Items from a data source

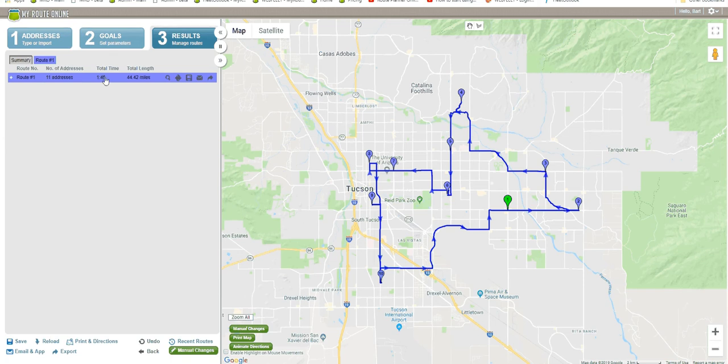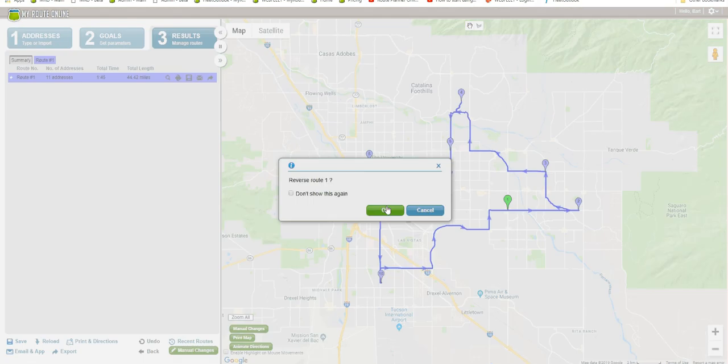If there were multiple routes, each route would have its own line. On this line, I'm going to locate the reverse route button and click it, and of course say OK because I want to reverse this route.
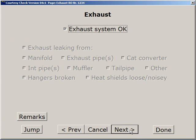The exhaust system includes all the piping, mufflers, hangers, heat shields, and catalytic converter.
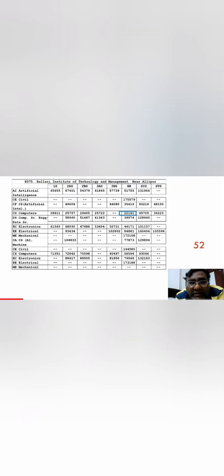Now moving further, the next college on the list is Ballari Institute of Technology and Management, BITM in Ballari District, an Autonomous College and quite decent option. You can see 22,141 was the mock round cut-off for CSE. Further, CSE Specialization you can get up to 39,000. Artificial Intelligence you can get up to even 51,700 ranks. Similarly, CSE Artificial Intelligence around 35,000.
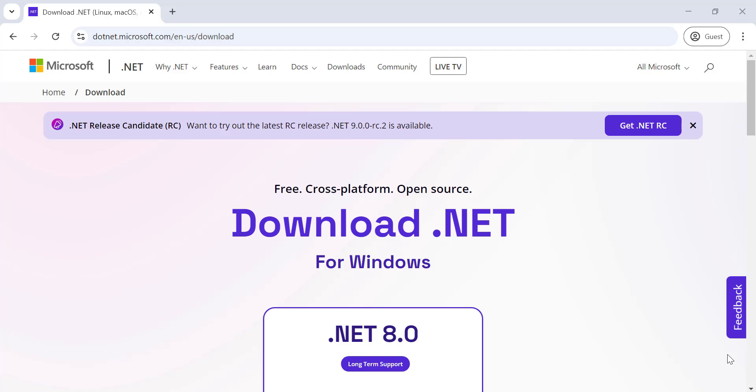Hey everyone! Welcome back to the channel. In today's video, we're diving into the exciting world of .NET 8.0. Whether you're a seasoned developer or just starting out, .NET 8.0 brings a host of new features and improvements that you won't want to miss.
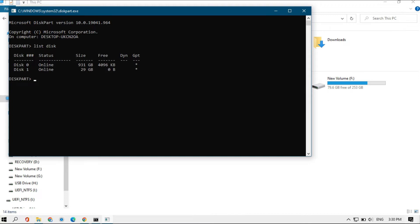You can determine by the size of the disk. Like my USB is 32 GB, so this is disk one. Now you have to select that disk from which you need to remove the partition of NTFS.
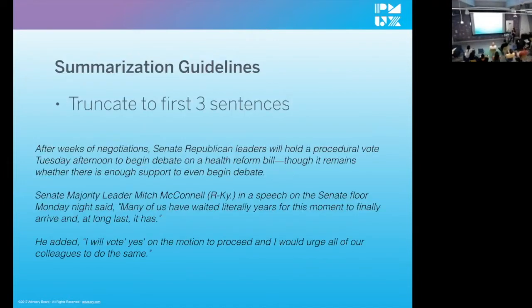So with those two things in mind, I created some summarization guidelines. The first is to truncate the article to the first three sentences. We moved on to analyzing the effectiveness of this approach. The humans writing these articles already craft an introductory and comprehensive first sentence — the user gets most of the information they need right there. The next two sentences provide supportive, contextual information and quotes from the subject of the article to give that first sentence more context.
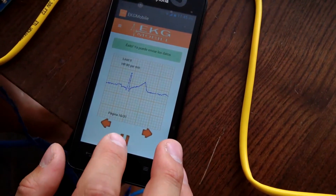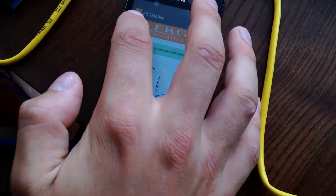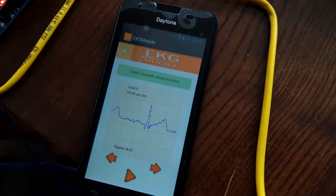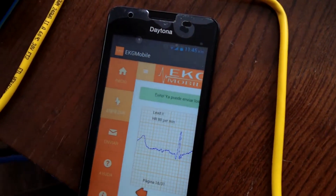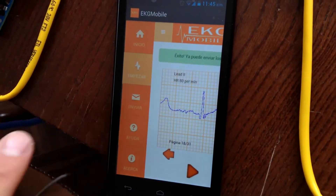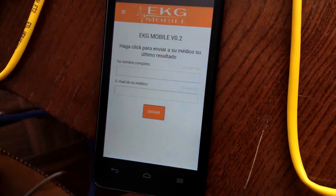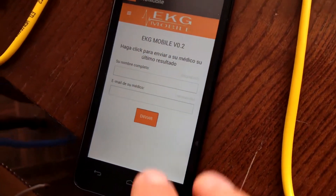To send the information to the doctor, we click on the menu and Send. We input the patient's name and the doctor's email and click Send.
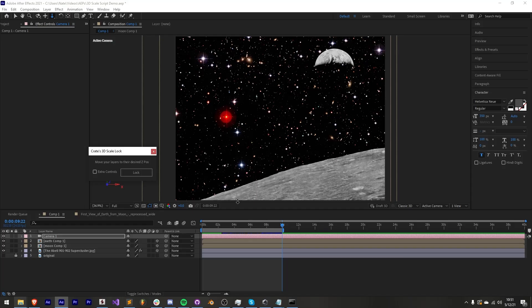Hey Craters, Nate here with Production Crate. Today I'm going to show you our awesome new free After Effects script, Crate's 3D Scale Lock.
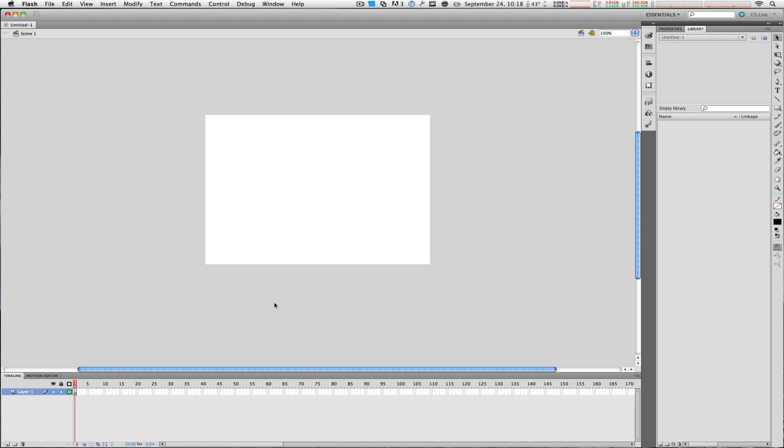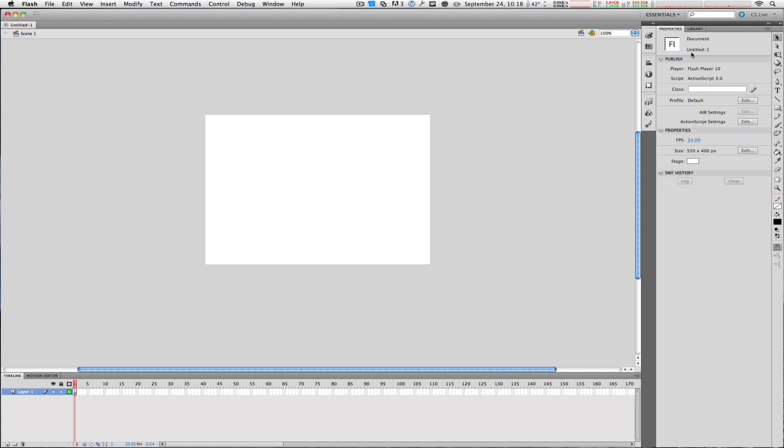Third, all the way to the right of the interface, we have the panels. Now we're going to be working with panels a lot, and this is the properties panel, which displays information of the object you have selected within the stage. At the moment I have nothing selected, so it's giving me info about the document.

■ **Aim of the exercise**
Omit the pictures, then extract verbatim only those lines that fall between the line containing "Hey Craters, Nate" and the final line of the records above, both included.

■ **Response**
Hey Craters, Nate here with Production Crate. Today I'm going to show you our awesome new free After Effects script, Crate's 3D Scale Lock.
Third, all the way to the right of the interface, we have the panels. Now we're going to be working with panels a lot, and this is the properties panel, which displays information of the object you have selected within the stage. At the moment I have nothing selected, so it's giving me info about the document.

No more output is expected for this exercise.